The pinnacle of high end and haute couture collections exists in the appropriately beautiful Goethestraße, which runs parallel to Freßgasse. Just under 400 meters long, this elegant strip of shops is home to some of the most famous designers in the world, including Versace, Gucci, Prada, and many other a renowned Italian. A refined tree-lined cobblestone path where luxury and elegance know no bounds in the upscale world of Mont Blanc, Tiffany, and Cartier. In the same area is Schillerstrasse, home to slightly less designer, but nonetheless quality clothing and gift shops.
It is also hosts a lovely market every Friday, which is packed with people grabbing a quick lunch, picking up fresh fruit and vegetables or perusing the quirky wares available.
For more funky boutiques, second-hand outlets and hard-to-find items, try Berger Straße, with shops extending from the Merianplatz to Bornheim Mitte U-Bahn stations, or else Leipziger Straße in Bockenheim. Street markets in Frankfurt can be found on almost any given day in different locations around town.

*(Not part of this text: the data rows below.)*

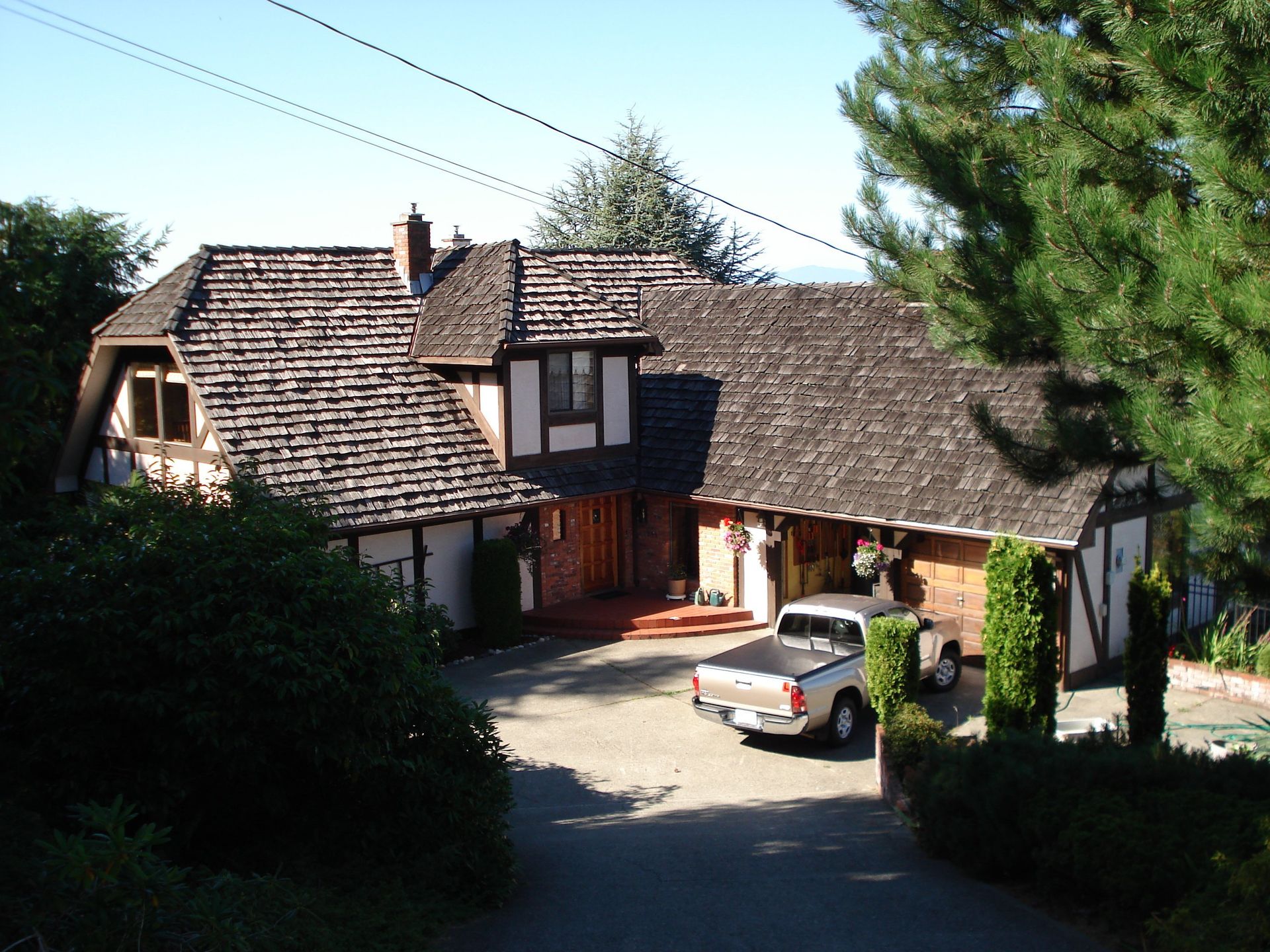 A white truck is parked in front of a large house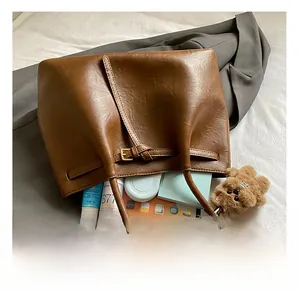 Macro shot of the large interior capacity of this vintage brown faux leather tote bag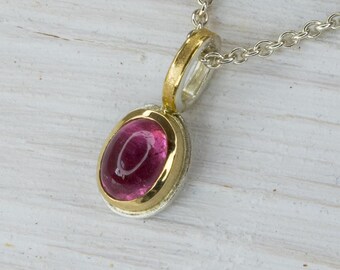 handmade pendant in silver, gold bezel, set with pink tourmaline, medium size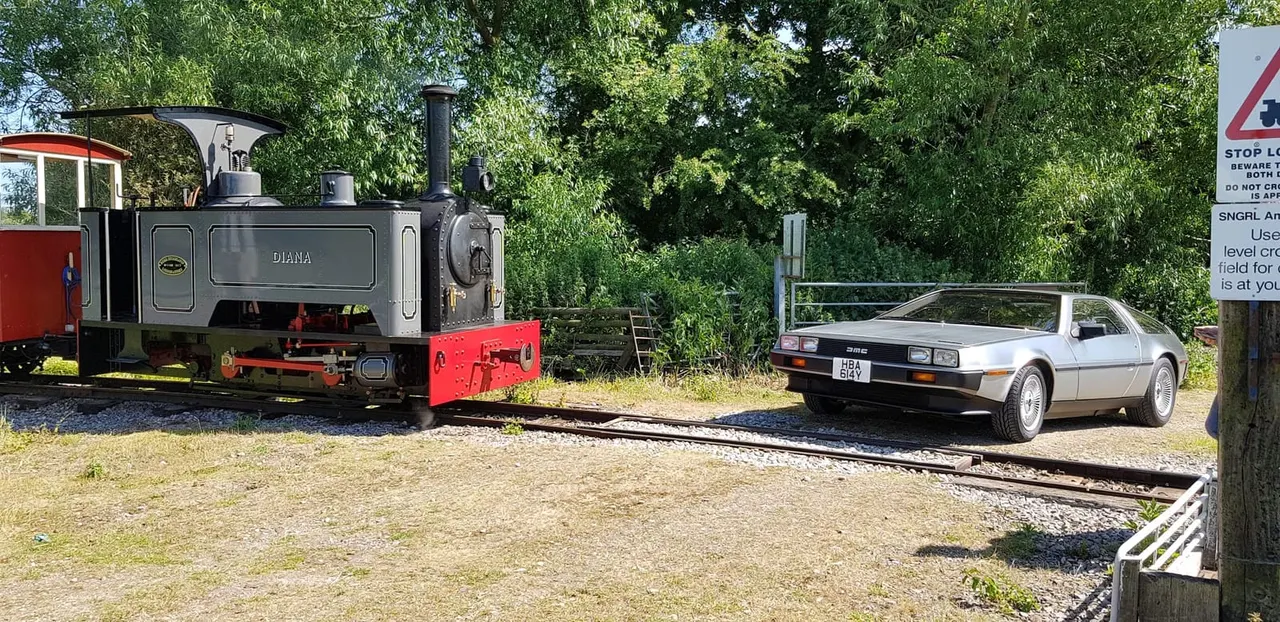 A heritage steam locomotive named Diana alongside a vintage sports car on a narrow-gauge railway track.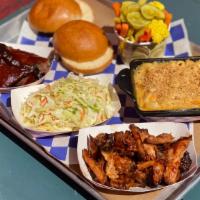 Family Meal For 2 · 2/3 of a pound of your choice of our bbq (pulled pork, brisket, or combo), 3 sides of your c...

They are predominantly filled with fresh foods and flowers, and few retail items. However, Saturday mornings turn the Mainufer into a large flea market with a huge selection of used items. Tons of clothes, books (with a reasonable selection in English), bicycles, and other bits and baubles are for sale. For those needing an American style mall, you will be hard pressed to find one, but the Main-Taunus Centrum in Sulzbach boasts being about the closest thing you can find. However, it is not easily accessible by public transportation, and generally has about the same shops you can find on the Zeil, with a treasure or two that one simply won’t come across in the city centre. Most Frankfurters looking for reprieve from the crowded Zeil have taken to NordWestZentrum, a semi-enclosed shopping area about 5 miles from the centre, which has no major department stores, but plenty of shops, restaurants and a recreation centre and swimming pool that is popular. Shopping hours in Germany have remained a long-fought battle, but recently the government approved Monday to Saturday shopping until 20:00. Everything remains firmly shut on Sundays, except for the souvenir shops at the Römerberg, and shops at the Hauptbahnhof and airport. Cashing in on their Sunday shopping status, Frankfurt airport (strangely yet officially nicknamed Fraport) is constantly opening, renovating and renewing their shopping choices. So go forth and save the German economy from ruin, shop away.